Dass der Mann Auschwitz überlebt ist doch kein Siegel für Unfehlbarkeit und allumfassender Schutz gegen jede Art von Kritik. Wenn sich die Steinbach von ihm über Jahre angegriffen fühlt, darf sie das kundtun wo und wann sie will, das Recht hat jeder Mensch solange man nicht ins Beleidigen abrutscht.
Juergen K
Gast
Sehe ich gerade in der heute show.
sie will ein buch schreiben.
keetenheuve
Gast
Als Bartoszewski vor einigen Jahren Steinbach eine "blonde Bestie" nannte, rührte sich nirgendwo Empörung.
polonia
Gast
Steinbach ist ein Zombie-Klon, aber es ist nicht klar, woher sie ihre Energie bezieht. Ist es die Vergangenheit? Ist es diese frightened Gesichts-Operation im Dienste der CDU? Oder ist es bloss der Umgang mit dem Verbotenen?

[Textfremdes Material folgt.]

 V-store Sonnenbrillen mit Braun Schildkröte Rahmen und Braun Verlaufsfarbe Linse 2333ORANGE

Aber: Mit blondierter Vokuhila-Frisur lässt sich leider heute keine Zielgruppe < 55 mehr generieren. Wir empfehlen eine Runderneuerung! Oder einen Facebook-Auftritt. An den Likes lässt sich ja abchecken, ob eine historische Usability anno 1941 heute noch mehrheitsfähig ist. Den Rest kann man sich dannn wohl sparen...:) Wann sterben die endlich aus?
Celsus
Gast
Was ist konservativ? Wenn ich das einmal als positiven Begriff deute, wollen konservative Menschen etwas bewahren. Das kann die Natur sein, die sie vor Schäden bewahren, das können gute Beziehungen zu anderen Ländern sein, die nicht geschädigt werden sollen, insbesondere gelungene Aussöhnungen sollen erhalten bleiben. Was unter Adenauer in dieser Beziehung erreicht wurde, wird unter Merkel kaputt gemacht.

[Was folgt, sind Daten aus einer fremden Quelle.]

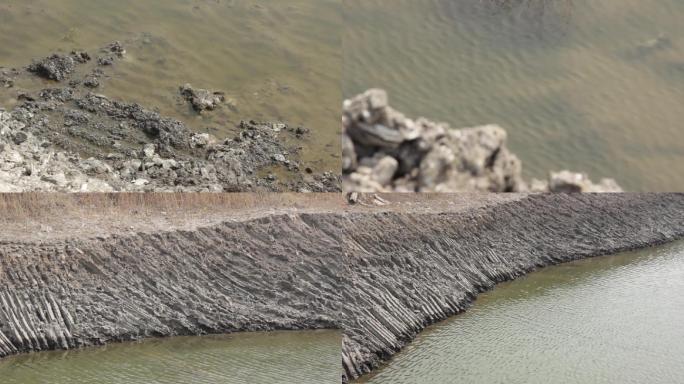 【原创】土壤破坏、土地破坏、生态环境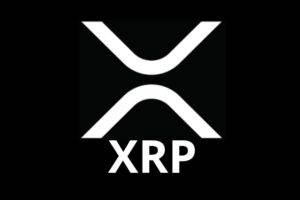 Long-term cryptocurrency holders: XRP will experience vertical black swan event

Ein sozialstaatliches Niveau der gegenseitigen Fürsorge und menschlichen Wärme müsste erhalten werden bzw. wieder auf den gewohnten Stand gebracht werden. Stattdessen gibt es jetzt in der CDU eine neue Religion der national-christlichen Kälte.
Was bei der CDU geschieht - und das ist ja nicht wirklich allein die Entscheidung einer einzigen Vertriebenenpolitikerin - ist dann alles andere als konservativ. Das Verhalten und die Äußerungen von CDU-Politikern sind vielmehr schlicht verantwortungslos.
Erik Holzfluss
Gast
Steinbach vertreiben bitte.
Aus den Medien, aus dem politischen Alltag, gerne auch aus der Partei... dann wäre sie endlich mal vertrieben worden.
A. K.
Gast
Also ich verstehe die Jagd auf Frau Steinbach nicht wirklich und halte das alles für völlig verlogen. Und ich glaube nicht, dass es Steinbachs Ziel ist, den Versöhnungsprozess zwischen Deutschen und Polen zu behindern. Aber auf richtigen Fundamenten sollte eine Freundschaft von Völkern schon aufgebaut sein. Dazu gehört auch eine klare Ansprache der polnischen Fehler (nein, nicht die Mobilmachung...) und Verbrechen. Ansonsten ist sowas eh nicht von Bestand.